The Kenai Peninsula Borough allows commercial cannabis in areas only under borough authority and not in local governments. At least two cultivation facilities in the Homer area have applied for cultivation permits as of last week. The Kachemak City Council in a 5-2 vote turned down a proposal to put to Kachemak City residents a local option vote (see story, page 1).
The process for holding a local option vote is set in Alaska Statute 17, the state law enacting Ballot Measure 2, as well as state regulations.
To get on the ballot, Johnson said the initiative backers have 90 days, or until June 15, to collect 309 signatures, 25 percent of the number of people who voted in the October 2015 city election. Only people registered to vote in the city of Homer can sign the petition, and the clerk will check the petition against voter registration lists. Only petition handlers can collect signatures, and the person signing a petition must do so in the presence of the handler.
If the initiative backers get enough signatures, the question would go on the Oct. 4 regular election ballot.
At its March 14 meeting, the council approved an ordinance regulating by zoning district commercial cannabis operations.
Under a 2008 Alaska Supreme Court case, Frank Griswold v. City of Homer, the court ruled that zoning could not be changed by initiative. The commercial cannabis ban initiative does not overturn the city’s zoning ordinance.
When asked by email if the city attorney had reviewed the proposed initiative to see if it could be considered a zoning change, Johnson replied that the city attorney had reviewed the application.
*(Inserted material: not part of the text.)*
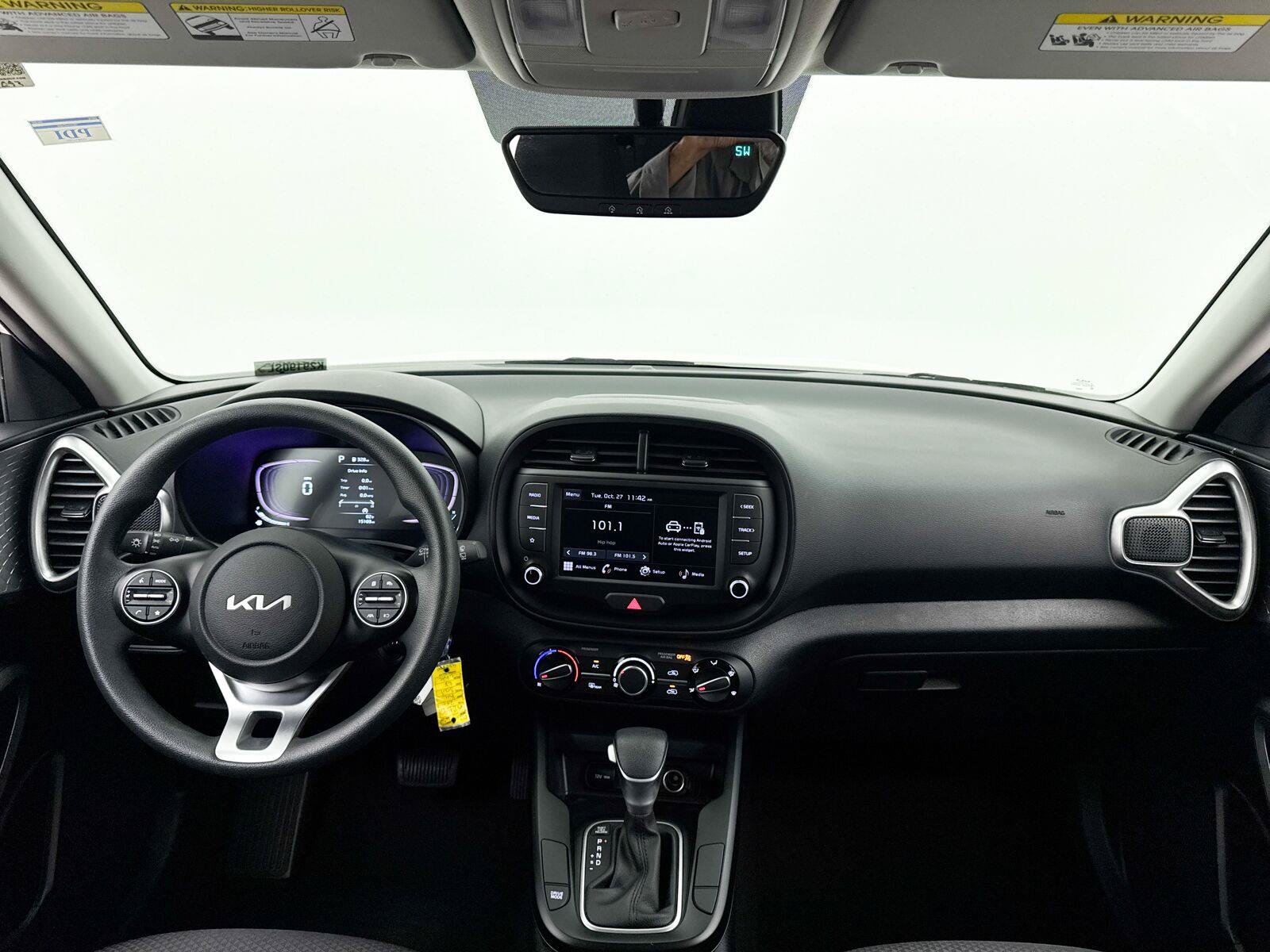 Used 2025 Kia Soul LX w/ LX Technology Package FWD image 22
She cited a section of Alaska Statute 29 requiring the clerk to certify an application if it “would be enforceable as a matter of law.”
Johnson also cited Alaska Statute 17, which authorizes a city to prohibit commercial cannabis activities by voter initiative.
The sponsors of the initiative are tourist industry businessman Chad Mathews and Tara Smith. Chad Mathews did not return a phone message seeking comment and Tara Smith had said earlier she did not wish to comment.